To raise funds for the first book we held exhibitions and film shows in the village hall and the library. One exhibition, in 2005, was badly attended because that was the year that Prince Charles married Camilla Parker Bowles having changed it from Friday to Saturday, the Grand National was run as well and as the rugby was on at the Madejski Stadium, it was very quiet. On this occasion we were joined with Beech Hill residents who were writing their own history book having been inspired by our first book. They included Mary Wheway, who was promoting her own book about Beech Hill Baptist Chapel.  The success of the Lambs Lane book resulted in Ryeish Green School, as Oakbank was called then, asking us to write a similar book for their centenary in 2010.  Again, we had much help from the school but we were hard pushed to get this out in time for the celebrations which were wonderful.  A red letter day edged in black, as the school closed shortly afterwards. We have a record though.

The first book was written by various people and the chapters or articles were dedicated to them. This style is echoed in our latest book. Barbara Debney was the first editor. The two school centenary books both ably produced by Mary Wheway, herself an ex-teacher, were written by different people who each took a different decade or two to write about. These two books are therefore similar but not the same.  The Three Mile Cross Chapel book was written by Patricia Green and edited by Mary Wheway having been commissioned by the chapel in memory of one member. We have more copies of this book, available.  Mary now has three of our books to her credit.  Our latest book is edited by Catherine Glover which means a different layout will appear but it is in the style of our first book with chapters written by different people and credited so.

We have been fortunate in that our members, ten in total, are still enthusiastic about local history and we have many talents within the group with so many skills being brought to the table.
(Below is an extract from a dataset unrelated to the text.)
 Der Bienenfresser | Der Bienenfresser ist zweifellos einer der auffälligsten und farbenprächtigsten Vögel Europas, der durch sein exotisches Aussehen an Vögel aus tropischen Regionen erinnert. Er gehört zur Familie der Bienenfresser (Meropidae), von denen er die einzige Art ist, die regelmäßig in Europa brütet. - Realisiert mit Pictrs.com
As the numbers changed so the dynamics have and we have developed in computing, internet, with thanks to Jeannie Brice for our website, editing, presenting, interviewing, selling, ideas and history, and thanks to Lesley Rolph –  regular contributors to St. Michaels Christmas Windows.

We have collected artefacts on the way such as items from Spencers Wood Chapel which the Parish framed for us, a tablet from the Chapel about the Institute, a plaque from Three Mile Cross Chapel, two
John Madejski, Patricia, Margaret & Jeannie - web banners from Spencers Wood WI, a shirt and cap from Spencers Wood cricket club, banners from Ryeish Green school, many deeds copied, with some originals, historic view plates, some catalogues, school magazines and reports, many photographs, posters and leaflets.  The list goes on and on and we welcome anything we can keep to enhance our history.  We have many ideas as to where we are going.

We like appearing at St Michael’s fete and the Carnival and one year we appeared at eight venues; that was exhausting! We are pleased with our efforts and are looking forward to the next twenty years.

Margaret Bampton.

New Book coming Soon!!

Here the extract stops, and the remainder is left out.